I’m a PhD Student in Machine Learning at EPFL in the MLO group, where I am supervised by Prof. Martin Jaggi. I am (like everyone?) intrigued by the power of pretrained models and their applications, in particular through open science and open-source. In my current research, I am therefore exploring:

  • Methods for scaling open language models & scaling behaviour
  • Training, optimization and efficient algorithms for large (and small!) models
  • Adaptive computing and new architectures for deep learning

and more :)

Prior to my PhD, I completed my Master and Bachelor in Computer Science at ETH Zürich working with the LAS group and Prof. Andreas Krause. I also was a visiting Student Researcher at the Apple MLR team in Paris, hosted by Prof. Marco Cuturi.
During my studies, I had the chance to spend two semesters abroad: one at École Polytechnique in France, and one at the University of Toronto in Canada. Moreover, I was able to do an internship at Spacemaker AI, which is fun looking back at the interview I gave here.

For EPFL students: If you are interested in a project (check out our MLO project page for guidelines and directions), please feel free to reach out via mail.
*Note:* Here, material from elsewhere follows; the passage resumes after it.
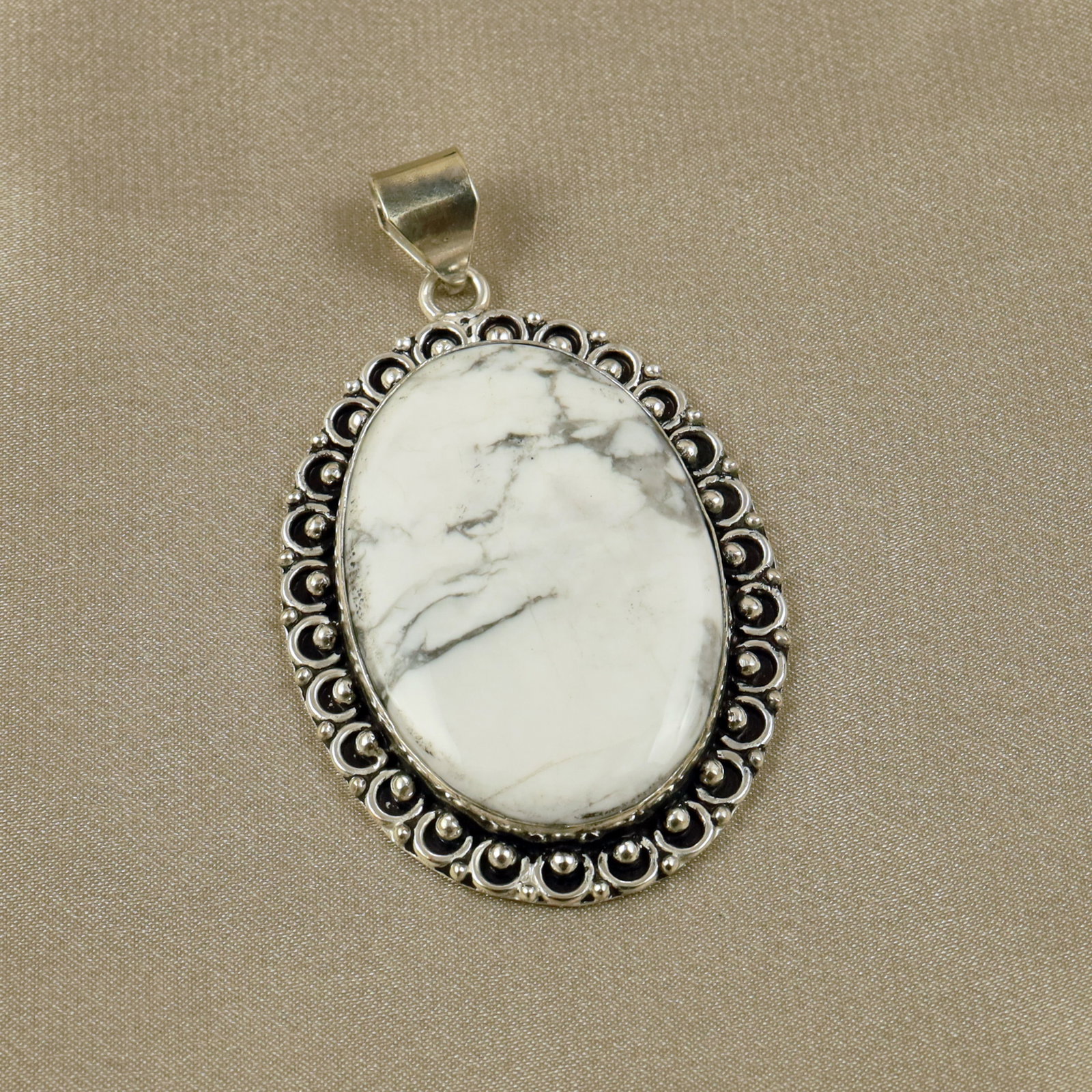 Natural Howlite Sterling Silver Plated Handmade Pendant: Product ID: 260518140158 Product - Handmade Silver Plated Pendant Metal - 92.5 Sterling Silver Plated Pendant Size - 5x3.5CM Gemstone - Howlite Gemstone Origin - Canada Gemstone Shape - Oval Pendant W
I’m very happy to supervise motivated students!

Feel free to get in touch via mail:
alexander.hagele [at] epfl [dot] ch

Publications


Full list also here or on Google Scholar.

Scaling Laws and Compute-Optimal Training Beyond Fixed Training Durations.
Alexander Hägele, Elie Bakouch, Atli Kosson, Loubna Ben Allal, Leandro Von Werra and Martin Jaggi.
arXiv Preprint 2405.18392, 2024.
Spotlight presentation at the Workshop on Next Generation of Sequence Models (NGSM) at ICML’24.
Also poster at the Workshop on Efficient Systems for Foundation Models (ES-FOMO) at ICML’24.
[PDF | bibtex | Code]

BaCaDI: Bayesian Causal Discovery with Unknown Interventions.
Alexander Hägele, Jonas Rothfuss, Lars Lorch, Vignesh Ram Somnath, Bernhard Schölkopf and Andreas Krause.
Proceedings of the 26th International Conference on Artificial Intelligence and Statistics (AISTATS 2023).
Also presented at 1st Workshop on Causal Representation Learning at UAI 2022 (Link).
Oral presentation at AISTATS 2023 (notable paper award), ranked top 32 among 1689 submissions (top 1.9%).
[PDF | bibtex | Details | Code | Slides]

Robustness Certification with Generative Models.
Matthew Mirman, Alexander Hägele, Pavol Bielik, Timon Gehr and Martin Vechev.
Proceedings of the 42nd ACM SIGPLAN Conference on Programming Language Design and Implementation (PLDI 2021).
[PDF | bibtex | DOI]

News

  • May 2024: Our preprint for LR schedules and scaling laws is out!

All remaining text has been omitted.